When a north-bound router HAT forwards a downstream subscriber/queryable whose key-expression is included
by a configured aggregation.upstream.{subscribers,queryables} prefix, it folds the per-key children
into a single ${prefix} declaration upstream and suppresses the children there — keeping them
registered in the source region so downward routing is unchanged.
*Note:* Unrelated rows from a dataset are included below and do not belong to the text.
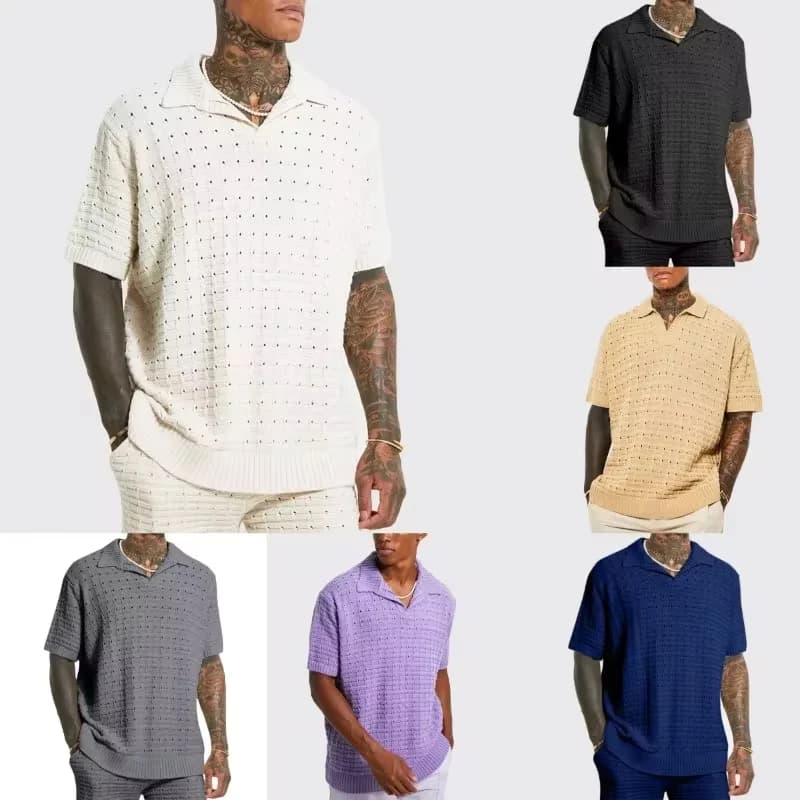 Stylish Mens Elastic Loose POLO Sweater Knitted Short Sleeved Casual T-shirt V-neck T-shirt for Men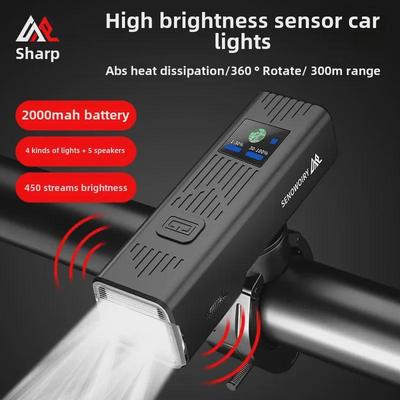 Bicycle Front Light with Intelligent Sensor and Speaker, High-Brightness for Night Riding On Mountain and Road Bikes.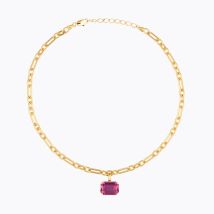 Lydia Chain Necklace Gold - Dark Rose 1.jpg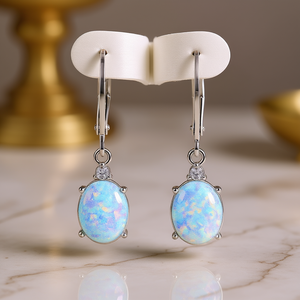 Eleganti Orecchini Pendenti in Argento 925 con Opale Blu, Montatura a Castone, Gioielli Classici da Donna per Uso Quotidiano E4609 - Product Image 2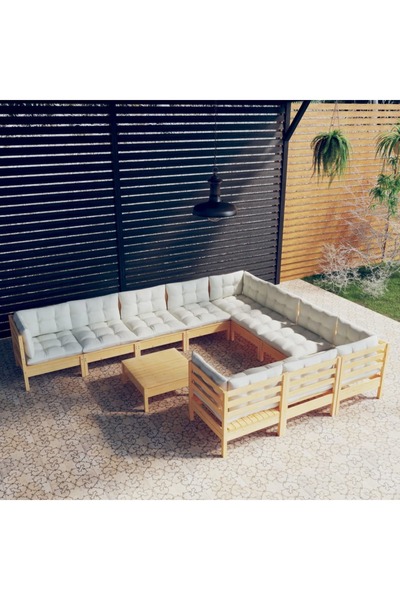 Concept Σετ επίπλων κήπου με κρεμ μαξιλάρια, 11 τεμάχια, ξύλο πεύκου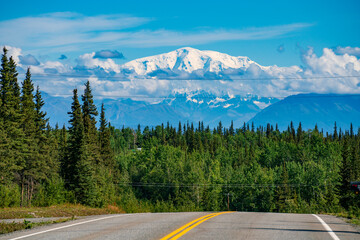 Massive Mt Blackburn over the forest and highway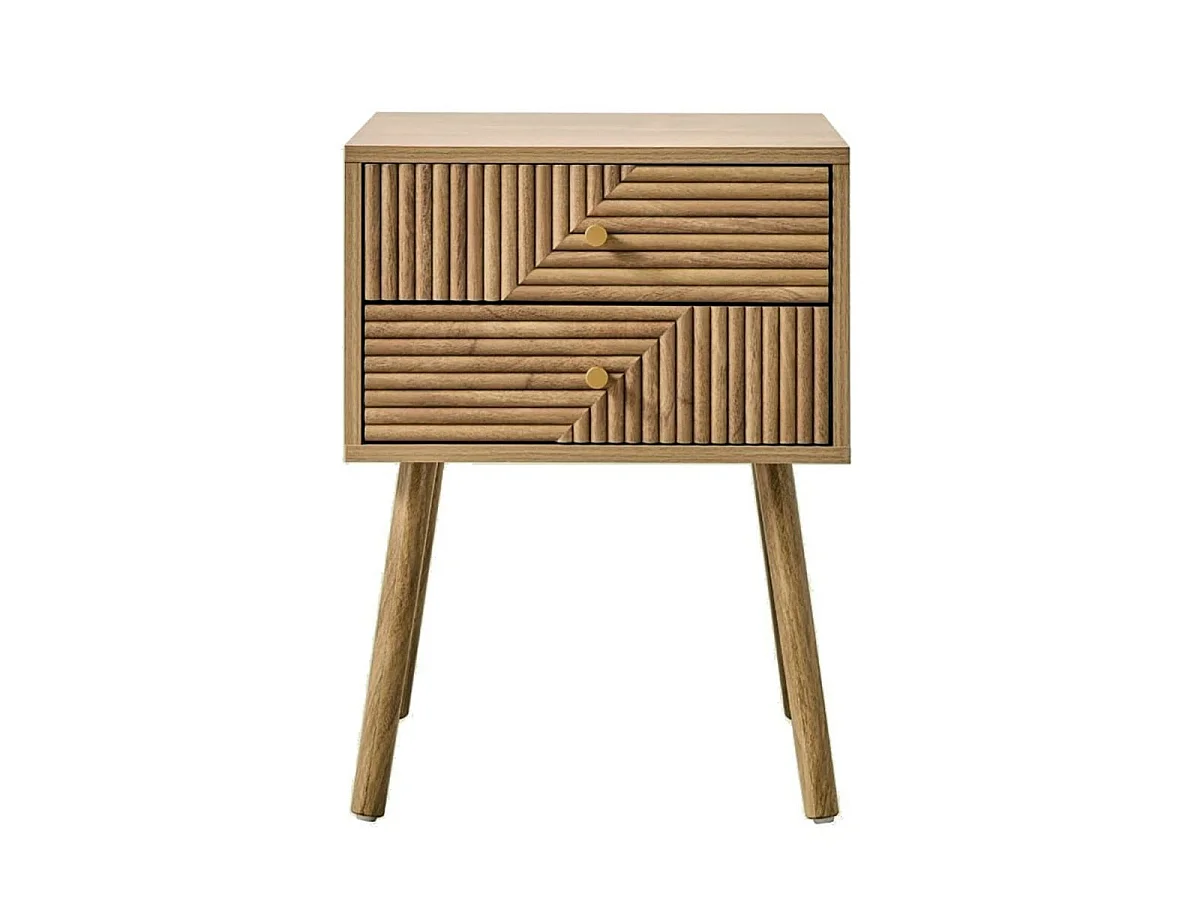 Chevet 2 tiroirs avec façades lamellées EDEN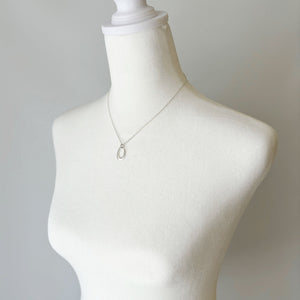 CARRIE sterling silver oval hoop charm pendant necklace - 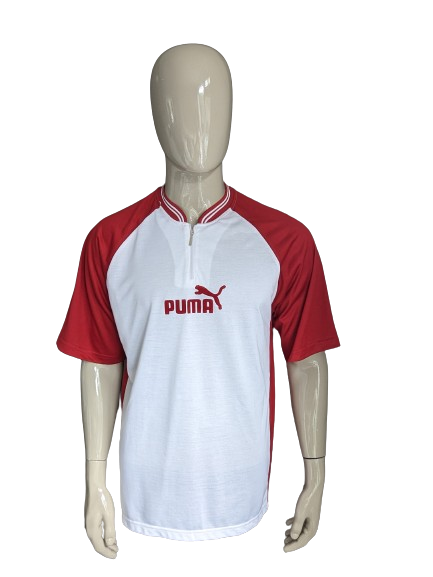 Vintage Puma Sport -Shirt mit Reißverschluss. Rot weiß gefärbt. Größe xl.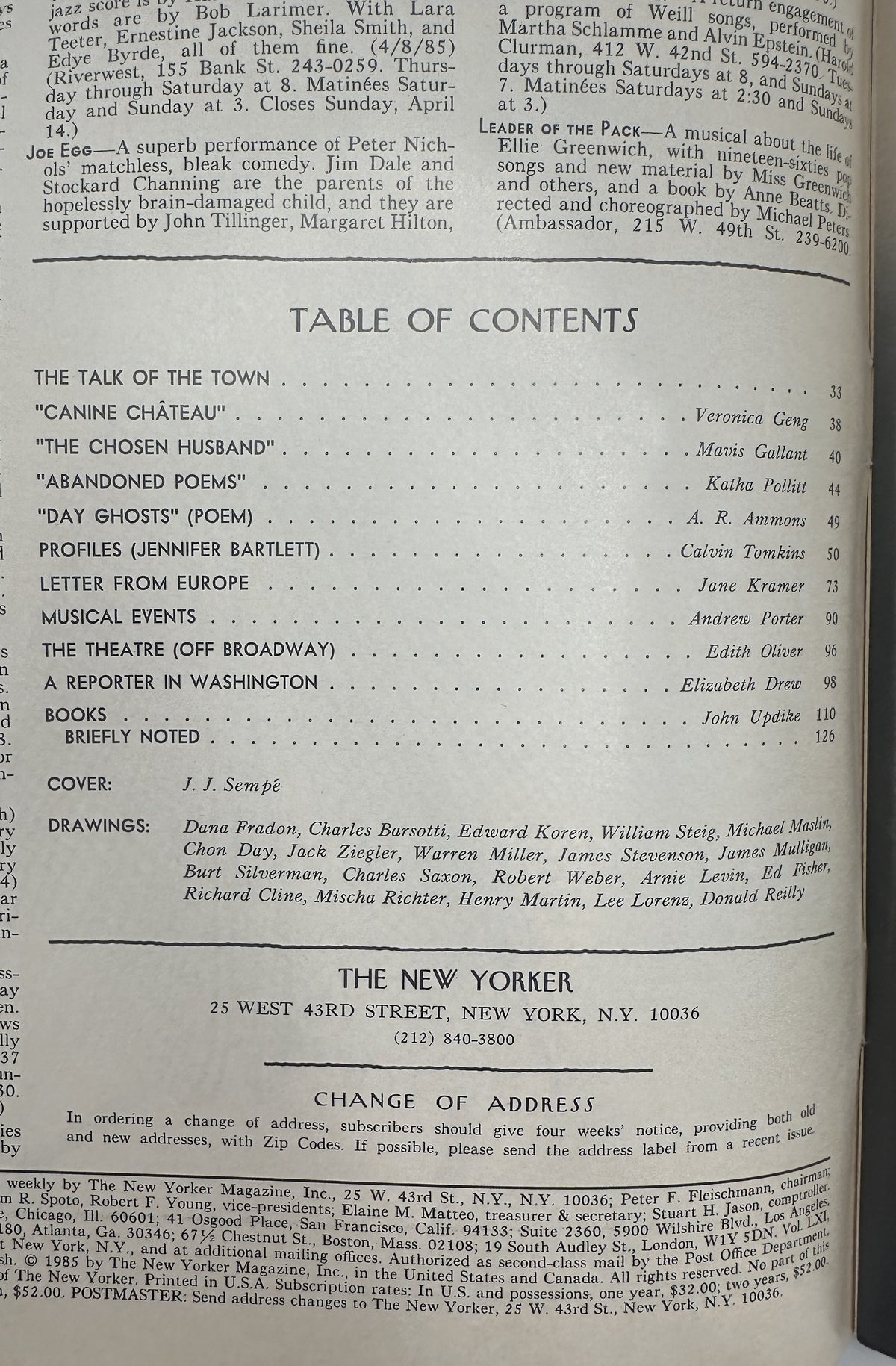 The New Yorker Magazine April 15, 1985 Chessboard Flowers Interior J. J. Sempé Cover VG, interior table of contents page listing magazine articles, contributors, cover artist J. J. Sempé, and featured drawings.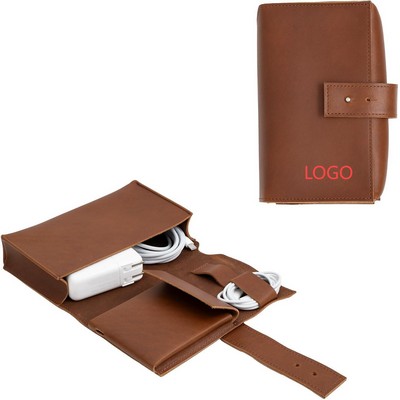 Executive PU Leather Tech Cable Organizer Case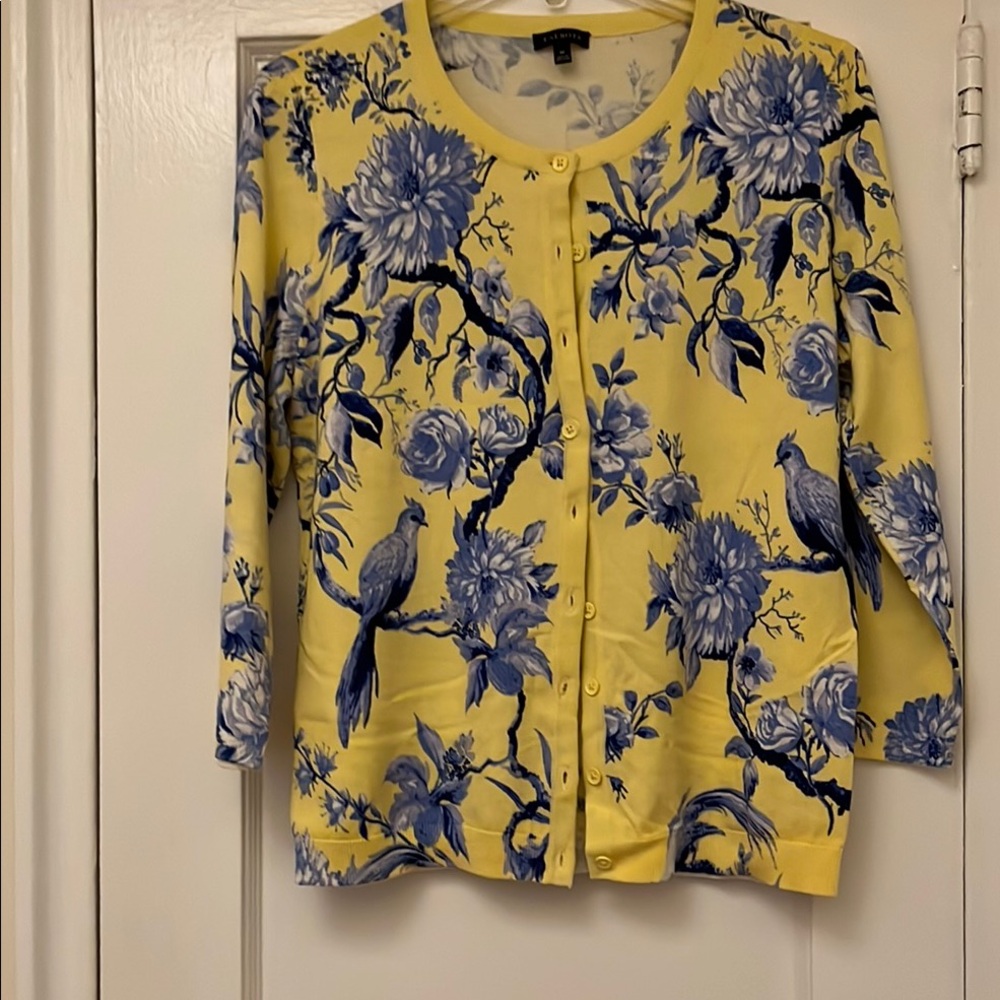 Talbots Yellow and Blue Patterned Cardigan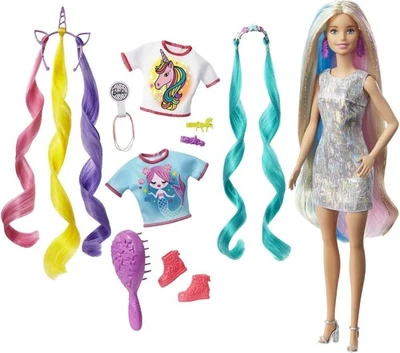 BARBIE Coiffures Fantaisie Boîte Abîmée Poupée 30cm Playset Mattel GHN04 - Photo 1/4
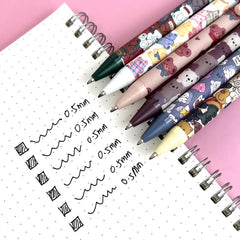 6pcs Cartoon Bear Gel Pens Ink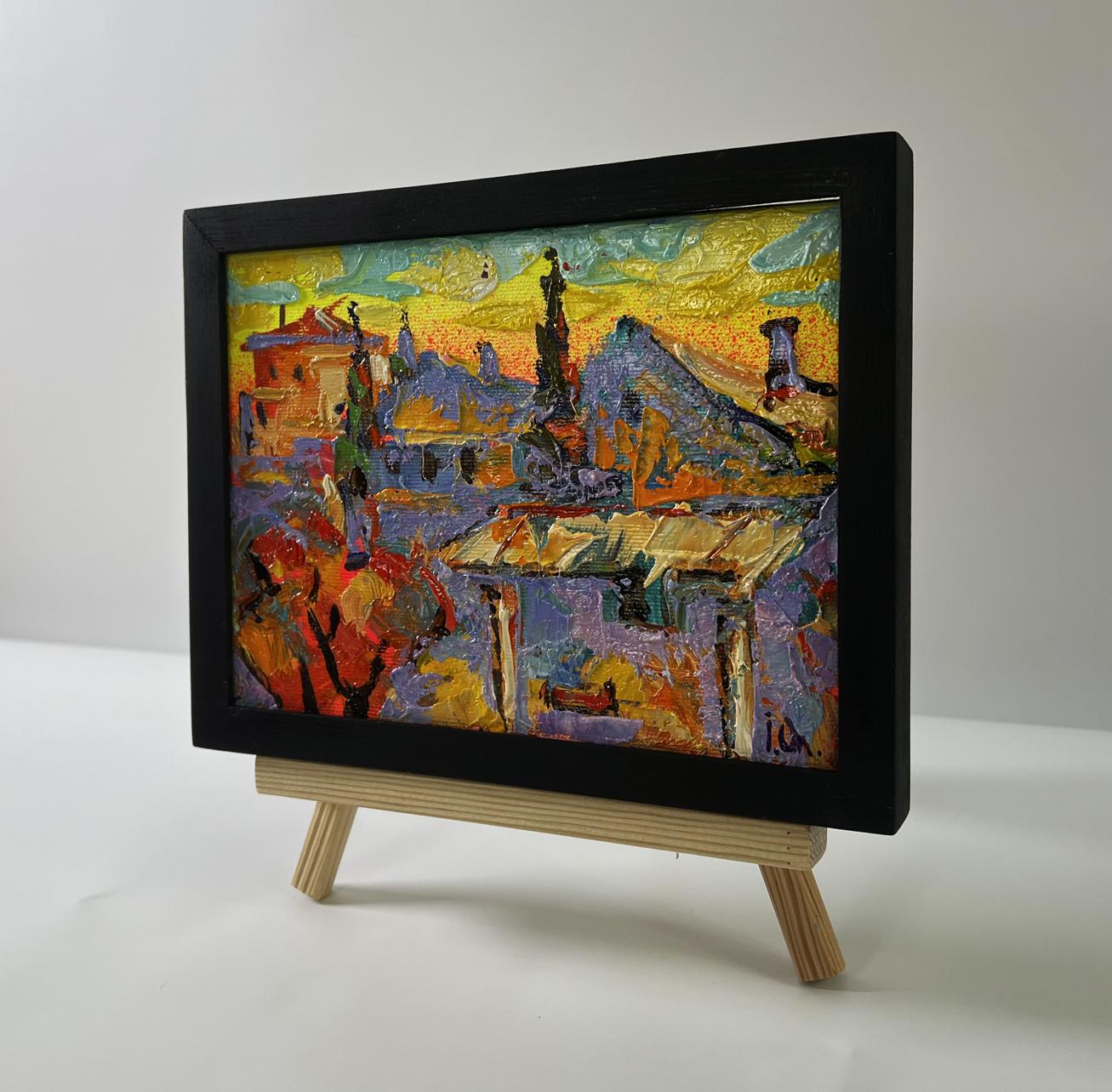 Oil painting Evening over the city by Oleksiy Ivanyuk in black frame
There's no new wire type (the aggregate
is an ordinary DeclareSubscriber / DeclareQueryable), and it's opt-in (an empty aggregation.upstream
takes the existing propagation path).

aggregation: { upstream: { subscribers: ["example/**"], queryables: ["example/**"] } }

A few design notes (in case they're useful for the broader discussion)

The aggregate Resources are created once when the gateway is built and the fold path just looks them
up — creating a Resource needs the whole Tables, which isn't reachable from inside a single HAT, and
doing it once means each aggregate's match-set is wired exactly once, so reconnect/churn can't pile up
duplicate cross-links.

The aggregate queryable is advertised complete=false (presence, not authority), so BestMatching falls
through to the real per-key queryable — a genuinely-complete source is never shadowed and no complete
state can go stale across owner churn.

For target=AllComplete, a route entry that is non-complete, whose matched resource covers the query, and
points at a router, is treated as a transparent forwarder (a small in-process flag on the query route
entry, set only at the router-net fold site — no wire change). AllComplete passes through it so the next
router re-applies the filter against its real children; BestMatching is untouched.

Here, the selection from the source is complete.